## Fragment NGram  
2019.10.21  
yoh Noguchi (edited by Stephen Wu on 2019.10.24)

__Do not use too many data to begin with!!!__

Goal of this script: Create new molecules by modifying substructures in a list of initial molecules based on a pre-trained fragment NGram generator.

Steps:
1. Prepare a list of initial molecules (in SMILES format)
2. Fragmentation using RECAP in RDKit
3. Keep bigger part as base structures, and extract only the smaller parts
4. Modify the extracted small fragments using a pre-trained NGram
5. Exhaustive combination of all new small fragments generated above with the base structures

In [1]:
from xenonpy.descriptor import Fingerprints
import matplotlib.pyplot as plt
from xenonpy.inverse.iqspr import GaussianLogLikelihood
from xenonpy.inverse.iqspr import NGram
from xenonpy.inverse.iqspr import IQSPR
import csv
import math
import numpy as np
import pandas as pd
import pickle as pk
from rdkit import Chem, DataStructs
from rdkit.Chem import Draw, Recap
from rdkit.Chem.rdMolDescriptors import GetMorganFingerprint
import os
from xenonpy.descriptor import FrozenFeaturizer
from xenonpy.descriptor.base import BaseFeaturizer
from xenonpy.descriptor.base import BaseDescriptor
from xenonpy.descriptor import RDKitFP, MACCS, ECFP, AtomPairFP, TopologicalTorsionFP, FCFP
from bayes_opt import BayesianOptimization
from rdkit.Chem import BRICS
from collections import Counter
from scipy.special import comb
from joblib import Parallel, delayed
from tqdm import tqdm

### User parameters
- `CSV_PATH`: directory of csv file to be imported
- `NGRAM_PATH`: directory of saved NGram model
- `FRAGMENT_LENGTH`: max length of SMILES to be considered a small fragment
- `BASE_LENGTH`: max length of SMILES to be considered a base structure
- `CREATED_FRAGMENTS_NUMBER`: number of modified fragments per each extracted small fragment
※ `len(smis_Fragment)` * `CREATED_FRAGMENTS_NUMBER` = total of number of new fragments
- `OUTPUT_FILENAME`: file name of output csv

In [2]:
CSV_PATH = 'XXXXX.csv'
NGRAM_PATH = 'ngram_reorder_12_O20_peter.obj'
FRAGMENT_LENGTH = 30
BASE_LENGTH = 50
CREATED_FRAGMENTS_NUMBER = 5
OUTPUT_FILENAME = 'test.csv'

### Read in data

In [3]:
data = pd.read_csv(CSV_PATH).reset_index(drop=True)

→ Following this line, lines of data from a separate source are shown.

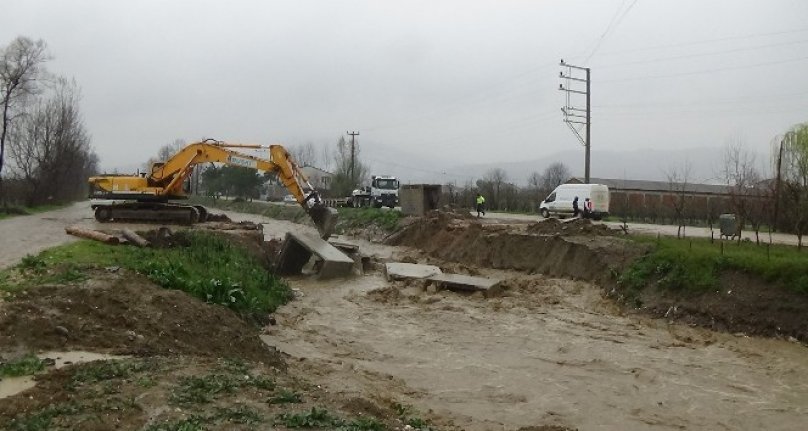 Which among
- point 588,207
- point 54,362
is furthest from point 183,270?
point 588,207

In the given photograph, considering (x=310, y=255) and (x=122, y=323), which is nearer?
(x=122, y=323)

### Verify convertability of SMILES to RDKit MOL

In [4]:
check = []
for i, smiles in enumerate(data['SMILES']):
    mol = Chem.MolFromSmiles(smiles)
    if mol is None:
        check.append(False)
    if mol is not None:
        if '.' in smiles:
            check.append(False)
        else:
            check.append(True)

### List of SMILES

In [5]:
smiles_list = list(data['SMILES'][check].unique())

### Fragmentation（RECAP）

In [6]:
frag_list = []
for i in range(len(smiles_list)):
    mol_fu = (Chem.MolFromSmiles(smiles_list[i]))
    decomp = Chem.Recap.RecapDecompose(mol_fu)
    first_gen = [node.mol for node in decomp.children.values()]
    for j in range(len(first_gen)):
        smiles = Chem.MolToSmiles(first_gen[j])
        frag_list.append(smiles)
        
frag_list = list(set(frag_list))    

### Read in NGram model

In [17]:
## Ngram model  loading for Fragments
with open(NGRAM_PATH, 'rb') as f:
    n_gram = pk.load(f)

setattr(n_gram,'min_len',2)
n_gram.sample_order = (1, 20)

### Categorize fragments
- `smis_Fragment`: small fragments
- `smis_Base`: base structures
- `smis_Large`: big structures to be filtered out

In [8]:
smis_Fragment = []
smis_Base = []
smis_Large = []
for smi in frag_list:
    if len(smi) < FRAGMENT_LENGTH:
        smis_Fragment.append(smi)
    elif len(smi) < BASE_LENGTH:
        smis_Base.append(smi)
    else:
        smis_Large.append(smi)

### 【Function】combining fragment with base structure
__\*A B\* -> BA__

In [9]:
def combi_smiles(smis_frag, smis_base):
    smis_frag = smis_frag
    smis_base = smis_base

    # prepare NGram object for use of ext. SMILES
    from xenonpy.inverse.iqspr import NGram
    ngram = NGram()

    # check position of '*'
    mols_base = Chem.MolFromSmiles(smis_base)
    idx_base = [i for i in range(mols_base.GetNumAtoms()) if mols_base.GetAtomWithIdx(i).GetSymbol() == '*']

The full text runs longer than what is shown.